Why must bitfields sum to a multiple of a byte?

[Era Scarecrow]

On Monday, 30 July 2012 at 23:41:39 UTC, Andrej Mitrovic wrote:
> On 7/31/12, Era Scarecrow <rtcvb32 at yahoo.com> wrote:
>> And likely one I'll be working on fairly soon. I've been 
>> concentrating on the BitArray, but I'll get more of the 
>> bitfields very very soon.
>
> Cool. What about the Max limit of 64bits per bitfield 
> instantiation? I don't suppose this is common in C++ but I 
> wouldn't know..

  The limitation is based on what kind of types you can use. If 
you want a field 1000 bits long, i don't see why not; But 
obviously you can't treat it like an int or bool. (No cheap way 
to make a BigInt here :P), and packing say a struct, it would be 
slow since it has to copy each bit individually, or if it's byte 
aligned, by bytes.

  It assumes the largest type we can currently use which is ulong, 
if cent ever gets properly added, then 128bits will become 
available. If they want to go higher than likely type 'dime' or 
'nickel' or bicent (256bits? :P) can be used once the template is 
modified. Maybe tricent can be 384 and quadcent can be 512.... 
Mmmm :) or it could just be large256, ularge256.

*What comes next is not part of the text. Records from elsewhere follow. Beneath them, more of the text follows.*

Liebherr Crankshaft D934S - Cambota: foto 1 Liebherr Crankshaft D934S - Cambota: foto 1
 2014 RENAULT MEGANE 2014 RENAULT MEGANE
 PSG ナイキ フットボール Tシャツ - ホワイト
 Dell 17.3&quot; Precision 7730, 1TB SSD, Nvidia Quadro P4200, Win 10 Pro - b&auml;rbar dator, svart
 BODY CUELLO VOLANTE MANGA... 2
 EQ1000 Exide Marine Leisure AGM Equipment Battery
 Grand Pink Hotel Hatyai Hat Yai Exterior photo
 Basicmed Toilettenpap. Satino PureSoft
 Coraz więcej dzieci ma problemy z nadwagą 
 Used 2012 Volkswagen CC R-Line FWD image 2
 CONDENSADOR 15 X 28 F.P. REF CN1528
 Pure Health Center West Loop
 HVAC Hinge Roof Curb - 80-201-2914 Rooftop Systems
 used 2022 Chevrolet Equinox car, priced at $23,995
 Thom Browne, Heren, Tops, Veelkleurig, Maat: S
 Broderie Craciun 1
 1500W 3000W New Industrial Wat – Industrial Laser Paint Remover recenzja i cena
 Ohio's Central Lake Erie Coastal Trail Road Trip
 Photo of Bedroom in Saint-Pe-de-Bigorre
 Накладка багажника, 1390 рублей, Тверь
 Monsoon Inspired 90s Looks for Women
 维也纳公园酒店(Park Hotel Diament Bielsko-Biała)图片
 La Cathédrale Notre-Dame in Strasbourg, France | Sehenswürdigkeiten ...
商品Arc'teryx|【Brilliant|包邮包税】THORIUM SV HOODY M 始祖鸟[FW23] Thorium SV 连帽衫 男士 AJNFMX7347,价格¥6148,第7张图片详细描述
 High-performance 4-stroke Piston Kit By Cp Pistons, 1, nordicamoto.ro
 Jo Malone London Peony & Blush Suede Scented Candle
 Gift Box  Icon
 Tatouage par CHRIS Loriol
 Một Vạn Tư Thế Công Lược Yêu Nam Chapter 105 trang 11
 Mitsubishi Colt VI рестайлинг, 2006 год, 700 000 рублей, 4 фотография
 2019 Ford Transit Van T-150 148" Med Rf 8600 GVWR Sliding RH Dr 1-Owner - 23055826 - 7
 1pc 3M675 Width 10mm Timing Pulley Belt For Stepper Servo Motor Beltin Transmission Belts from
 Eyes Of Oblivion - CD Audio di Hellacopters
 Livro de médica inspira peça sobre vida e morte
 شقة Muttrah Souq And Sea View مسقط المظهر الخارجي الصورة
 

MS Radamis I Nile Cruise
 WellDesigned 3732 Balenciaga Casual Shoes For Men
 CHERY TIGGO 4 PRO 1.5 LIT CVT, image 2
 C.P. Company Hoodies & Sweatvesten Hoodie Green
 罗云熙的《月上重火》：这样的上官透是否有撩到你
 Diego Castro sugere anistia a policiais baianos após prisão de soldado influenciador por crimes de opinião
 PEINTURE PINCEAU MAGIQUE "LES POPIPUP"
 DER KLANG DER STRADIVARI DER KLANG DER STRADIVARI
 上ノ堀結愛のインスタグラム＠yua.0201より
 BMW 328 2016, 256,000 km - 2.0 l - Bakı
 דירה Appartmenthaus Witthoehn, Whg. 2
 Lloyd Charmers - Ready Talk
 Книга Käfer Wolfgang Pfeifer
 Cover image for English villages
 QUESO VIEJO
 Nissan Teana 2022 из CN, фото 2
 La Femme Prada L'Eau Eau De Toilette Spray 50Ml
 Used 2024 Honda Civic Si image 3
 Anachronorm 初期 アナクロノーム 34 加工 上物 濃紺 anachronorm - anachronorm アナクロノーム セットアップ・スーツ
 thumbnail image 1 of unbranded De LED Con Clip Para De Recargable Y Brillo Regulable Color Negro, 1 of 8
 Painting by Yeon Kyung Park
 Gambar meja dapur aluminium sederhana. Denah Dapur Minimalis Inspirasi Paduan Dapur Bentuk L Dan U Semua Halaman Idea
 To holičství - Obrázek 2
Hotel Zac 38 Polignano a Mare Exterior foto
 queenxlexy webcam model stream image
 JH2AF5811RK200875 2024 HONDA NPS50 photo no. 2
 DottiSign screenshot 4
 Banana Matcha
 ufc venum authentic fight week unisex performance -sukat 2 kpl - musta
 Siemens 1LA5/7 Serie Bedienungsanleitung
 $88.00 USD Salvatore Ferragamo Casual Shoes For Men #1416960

  As for the 'why', is that all of the bitfields work by assuming 
bit-shifting and low level binary operators to do the job. So, 2 
for 4 ints would be

int value;
int a() @property {
   return value & 0x7;
}
void a(int v) @property {
   value &= ~0x7;
   value |= v & 0x7;
}

int b() @property {
   return (value>>4) & 0x7;
}
void a(int v) @property {
   value &= ~(0x7 << 4);
   value |= (v & 0x7) << 4;
}

  That may be flawed but it gives you a basic idea.